The application will be presented to the committee again at a meeting on Tuesday, with officers holding firm on their recommendation that the plans should be approved.
Earlier proposals by the same developer, Metacre Ltd, were thrown out last year on the grounds that they would lead to significant visual and biodiversity harm.
At a meeting on October 5, officers said the revised plans addressed the previous reasons for refusal. But councillors said they remained concerned that part of the proposed site was outside the town’s development boundary in open countryside.
Metacre says it is necessary to bring in the extra land as a gas pipe and existing trees make parts of the allocated site unsuitable for development.
Planning officer Philip Mullineux, in a report to next week's meeting says: "The delivery of this site is crucial to the delivery of housing supply in Wem in the period to 2026 and implications in relation to the five-year land supply.
“This site is the major housing development site for Wem in accordance with the local plan.
“With concerns about development and impacts, density will need to be low, with significant landscape mitigation, to integrate the development into the surrounding landscape in a satisfactory manner.

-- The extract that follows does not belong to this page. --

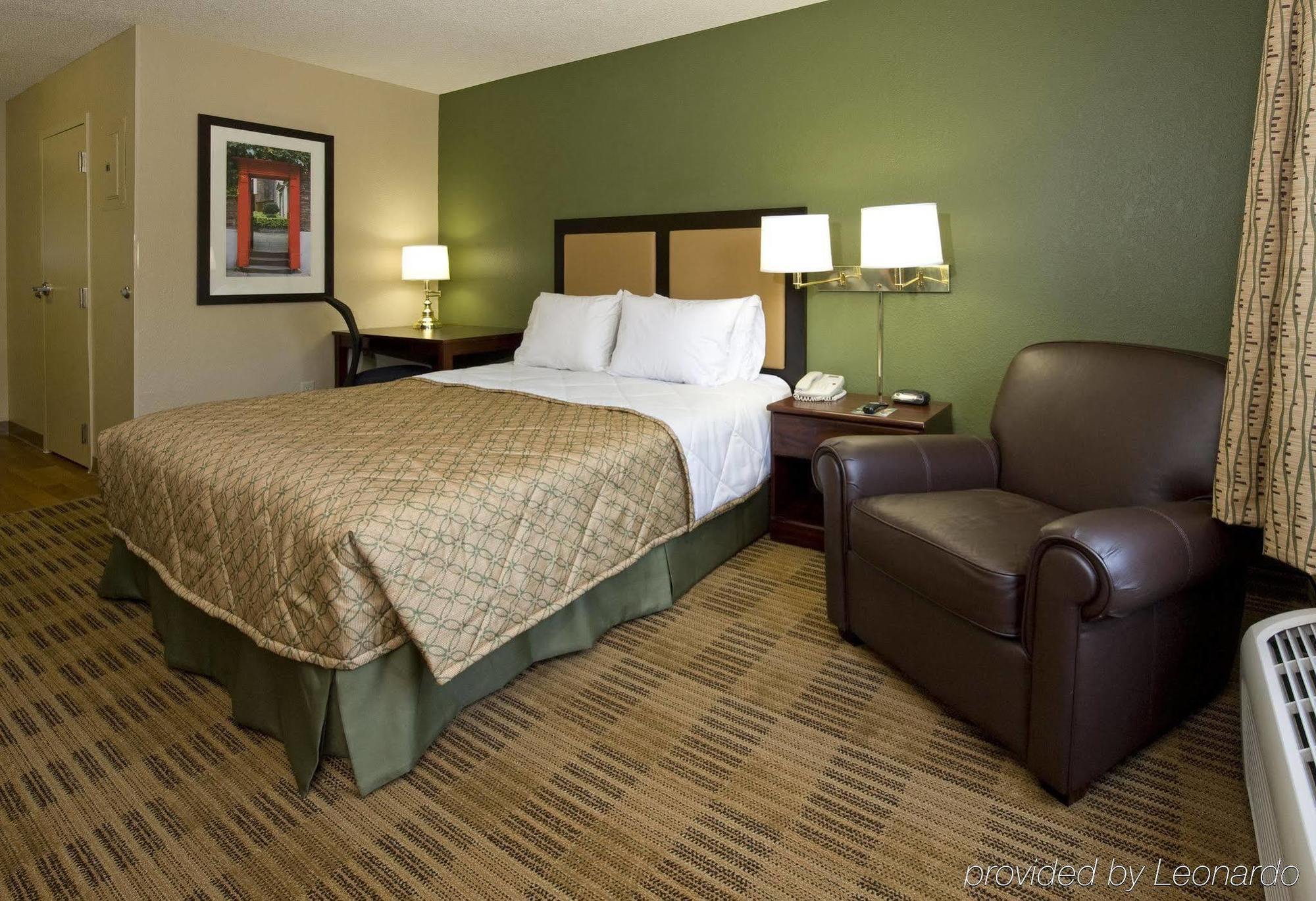 Extended Stay America Suites - Washington, Dc - Gaithersburg - North Quarto foto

“Also a material consideration, is the policy requirement for 100 dwellings and the constraints of the site.”
The report says many of the concerns raised by councillors at the previous meeting can be addressed when a reserved matters application comes forward, rather than at the current outline stage.
If approval is granted, the development will be accessed via a new junction off Lowe Hill Road, between the junction with Pyms Road and the entrance to Thomas Adams School.

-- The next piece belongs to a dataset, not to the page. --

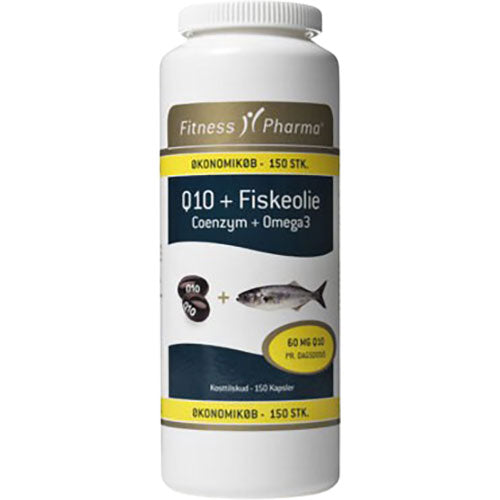 Q10 & Fiskolja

Ten of the properties would be ‘affordable homes’, while the proposals also include public open space and a site for community use.
If approval is granted, the developer will make a contribution of more than £600,000 towards local infrastructure improvements.
Wem Town Council and 20 members of the public objected to the plans, citing the encroachment into open countryside as well as concerns over flooding, ecology, traffic and road safety.